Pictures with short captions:
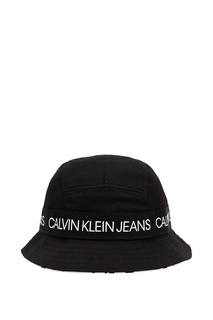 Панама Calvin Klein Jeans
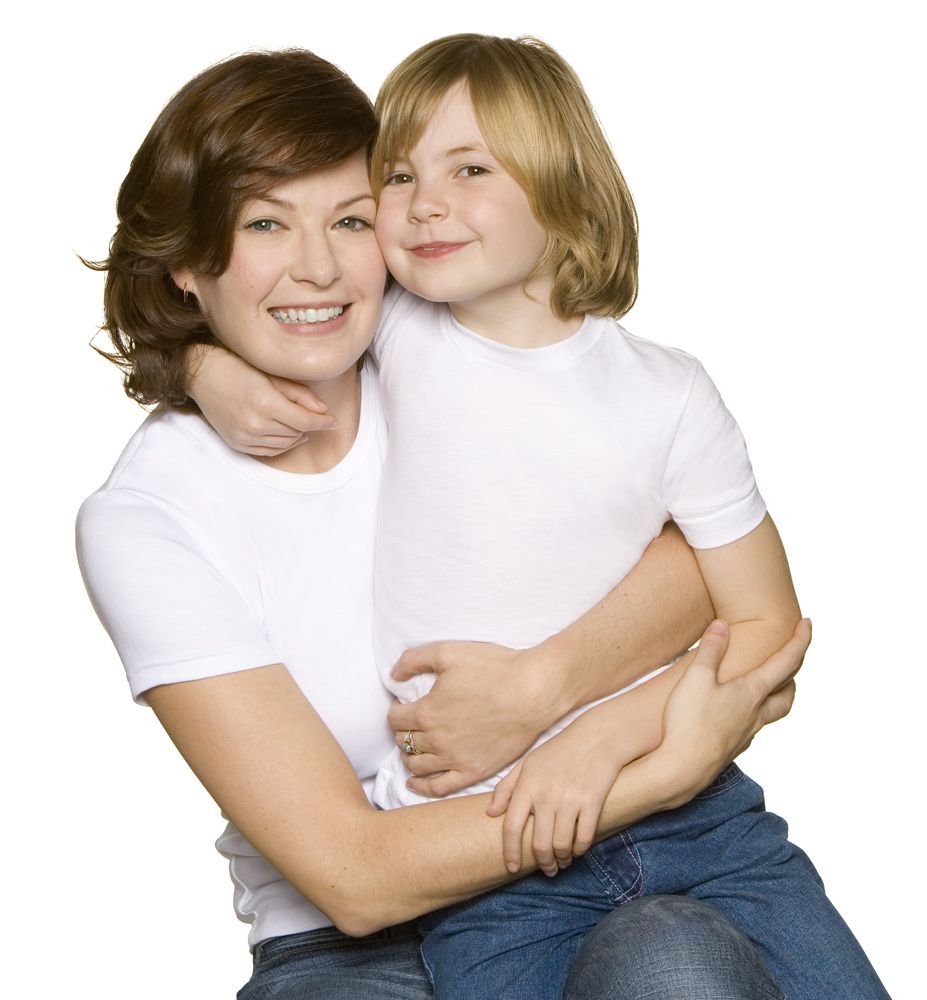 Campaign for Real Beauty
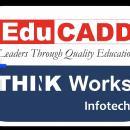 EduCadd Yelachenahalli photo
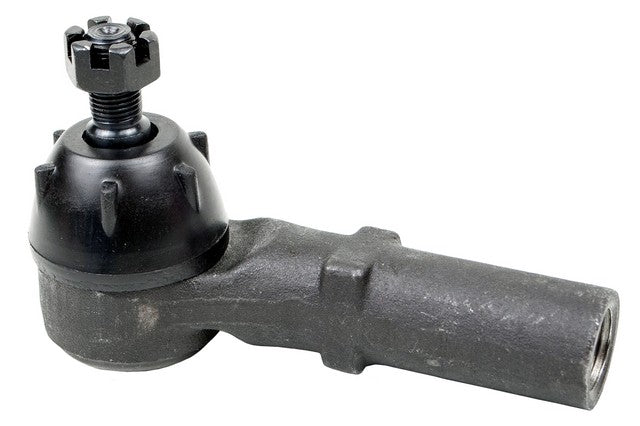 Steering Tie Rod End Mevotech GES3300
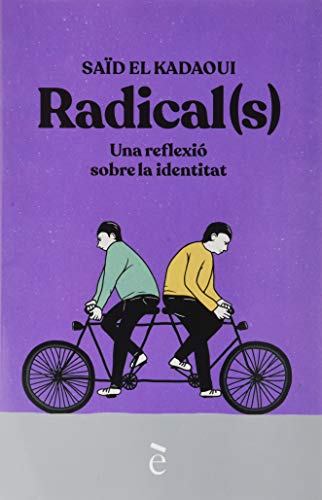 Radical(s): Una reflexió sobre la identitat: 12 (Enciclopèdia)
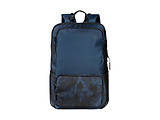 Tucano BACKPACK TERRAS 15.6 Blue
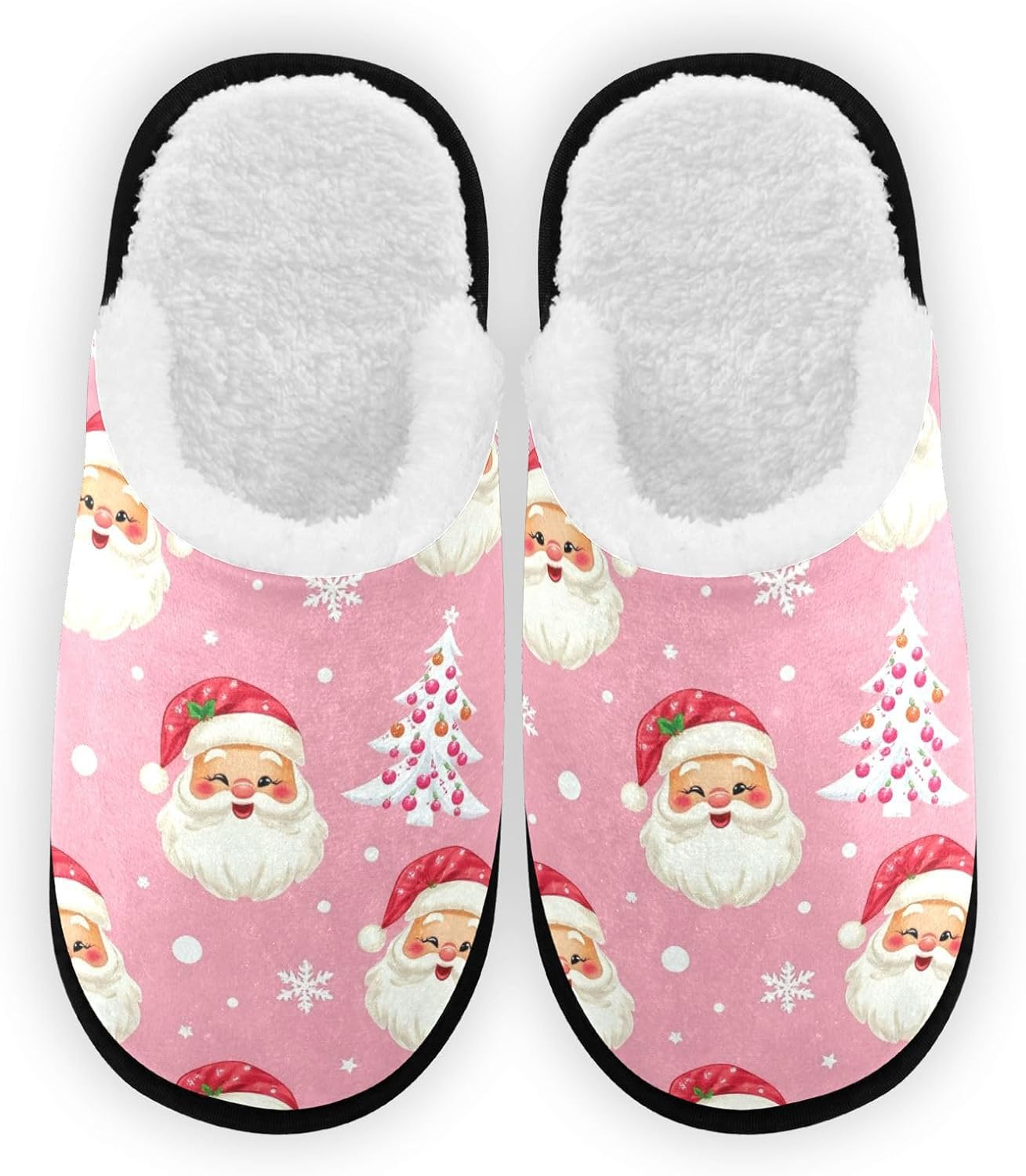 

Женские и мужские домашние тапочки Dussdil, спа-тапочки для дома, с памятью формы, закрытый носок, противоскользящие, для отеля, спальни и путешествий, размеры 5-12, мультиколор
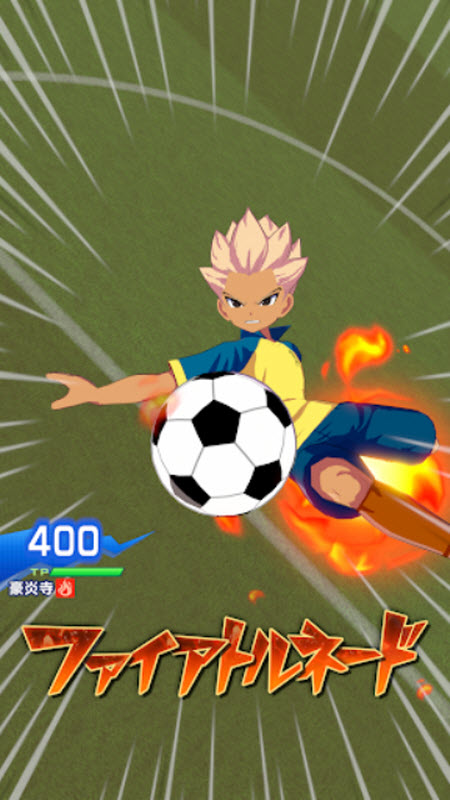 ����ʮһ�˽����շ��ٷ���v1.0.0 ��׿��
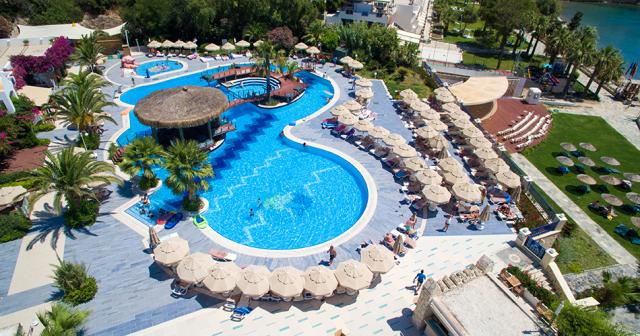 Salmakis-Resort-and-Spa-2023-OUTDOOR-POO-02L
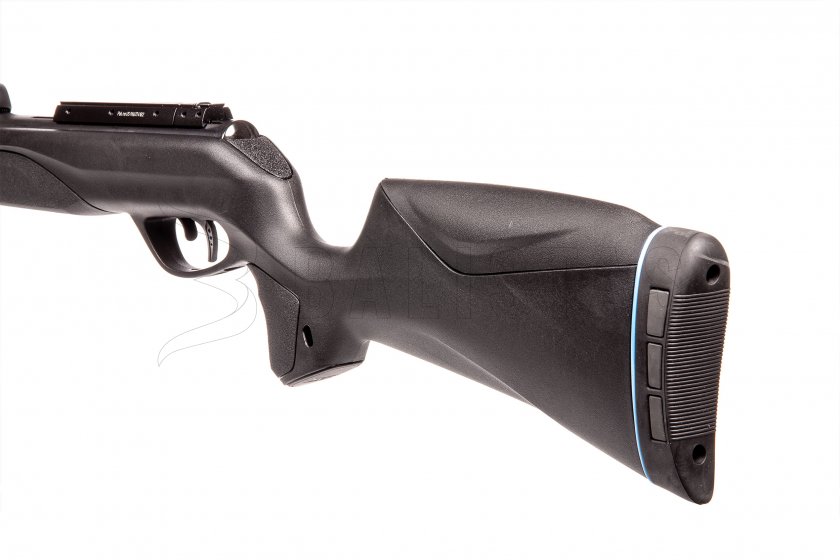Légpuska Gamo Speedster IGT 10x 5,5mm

§ Task directions
Your answer must be the lines from the opening line of the entries through the line holding "Tucano BACKPACK TERRAS 15.6 Blue", written out exactly and without any picture.

§ Reply to the task
 Панама Calvin Klein Jeans
 Campaign for Real Beauty
 EduCadd Yelachenahalli photo
 Steering Tie Rod End Mevotech GES3300
 Radical(s): Una reflexió sobre la identitat: 12 (Enciclopèdia)
 Tucano BACKPACK TERRAS 15.6 Blue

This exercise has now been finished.